Reputation: 109
Am new bee to pyspark and trying to understand the exact use of toDebugstring().can you please explain from below code snippet ?
>>> a = sc.parallelize([1,2,3]).distinct()
>>> print a.toDebugString()
(8) PythonRDD[27] at RDD at PythonRDD.scala:44 [Serialized 1x Replicated]
| MappedRDD[26] at values at NativeMethodAccessorImpl.java:-2 [Serialized 1x Replicated]
| ShuffledRDD[25] at partitionBy at NativeMethodAccessorImpl.java:-2 [Serialized 1x Replicated]
+-(8) PairwiseRDD[24] at distinct at <stdin>:1 [Serialized 1x Replicated]

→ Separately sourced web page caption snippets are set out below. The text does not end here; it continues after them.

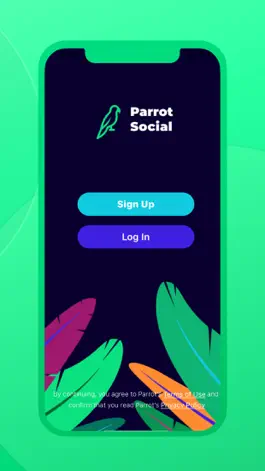 Game screenshot Parrot Social Media apk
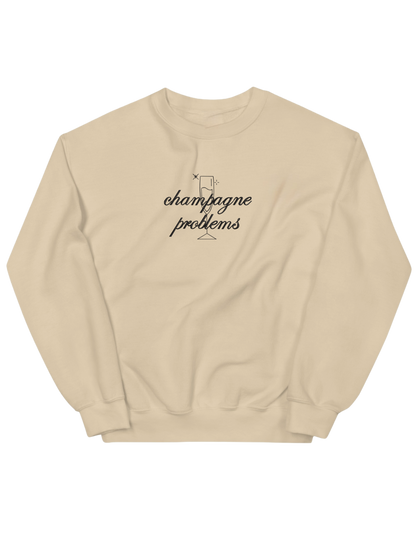 Champagne problems 2.0 sweatshirt Taylor Swift - Thread Muse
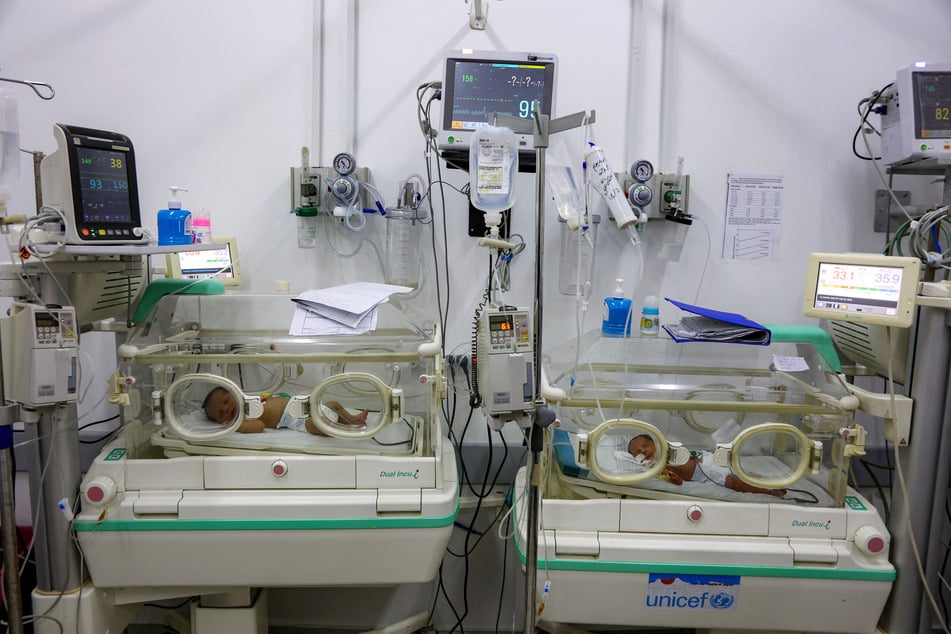 Neo-natal units and fertility clinics in Gaza were deliberately targeted and destroyed by Israeli forces.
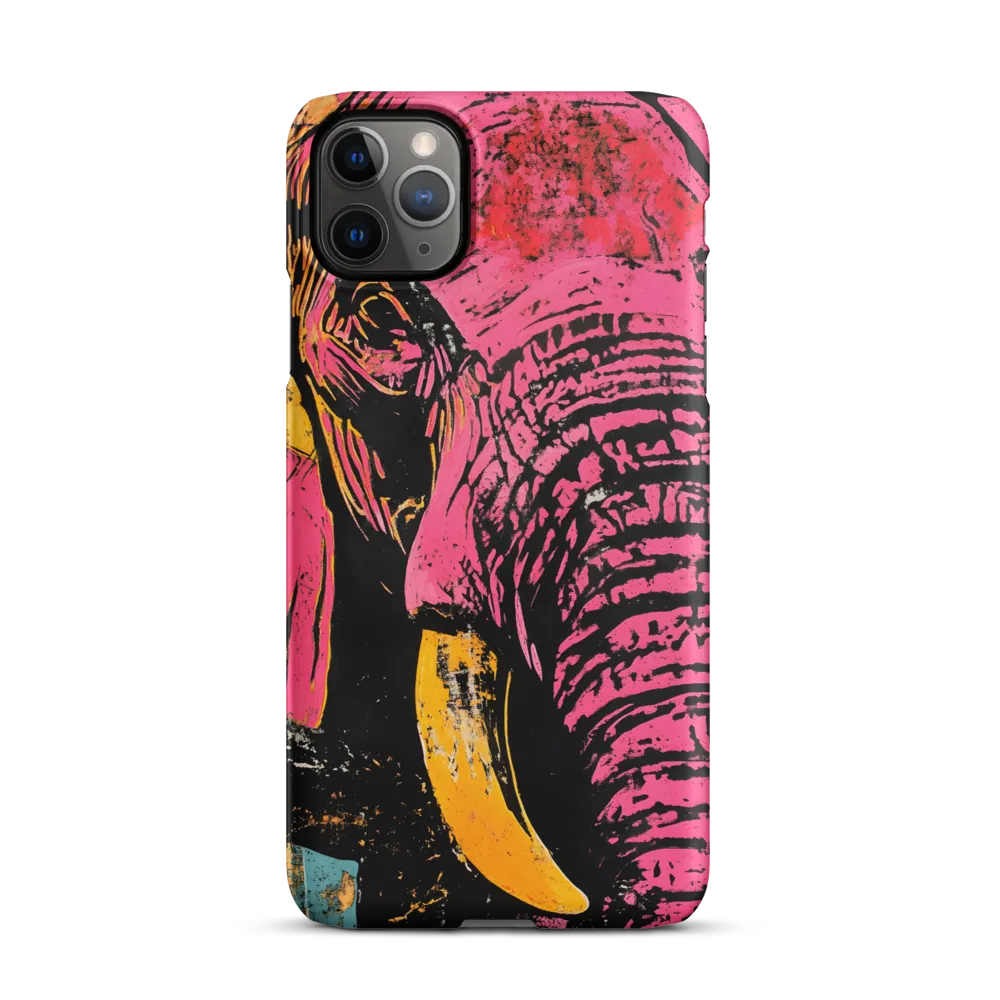 Bold Encounter: The Vibrant Elephant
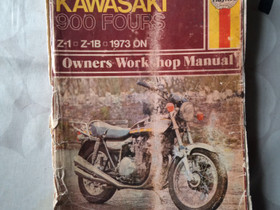 Kawa 900z1 1973 korjausopas, Muut motovaraosat ja tarvikkeet, Mototarvikkeet ja varaosat, Juuka, Tori.fi Kawa 900z1 1973 korjausopas, Muut motovaraosat ja tarvikkeet, Mototarvikkeet ja varaosat, Juuka, Tori.fi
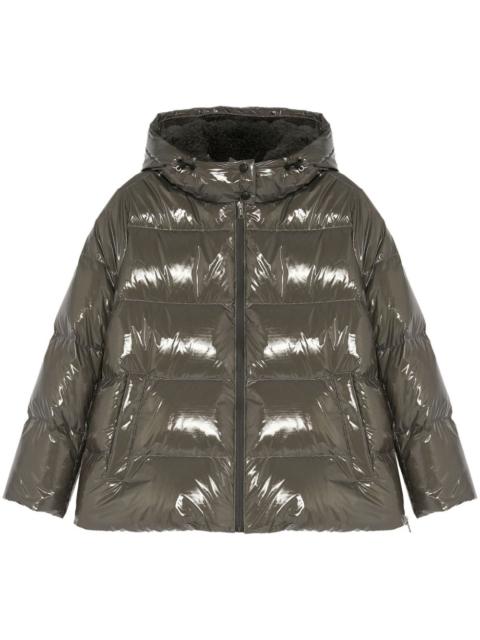 duck-down padded jacket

| PythonRDD[23] at distinct at <stdin>:1 [Serialized 1x Replicated]
| ParallelCollectionRDD[21] at parallelize at PythonRDD.scala:358 [Serialized 1x Replicated]
Upvotes: 5
Views: 4222
Reputation: 31
In spark, dependencies in the RDDs are logged in as a graph. In simpler words , every step is part of lineage. By calling the toDebugString method you are essentially asking to get this lineage graph(aka chain of every individual step that happened i.e type of RDD created and method used to create it) to be displayed. Some are the transformation that you executed explicitly whereas others are not( for example the bottom-most step of lineage graph is the real type of RDD you engulfed but just above it is the RDD made by internal mechanism to convert the objects in input RDD to Java Type objects)
Result of your print statement shows every step from bottoms up starting with creation of ParallelCollectionRDD . Each change in indentation is an indication of shuffle boundary i.e occurrence of shuffle operation. You can read more from lineage graphs for better understanding.
Upvotes: 3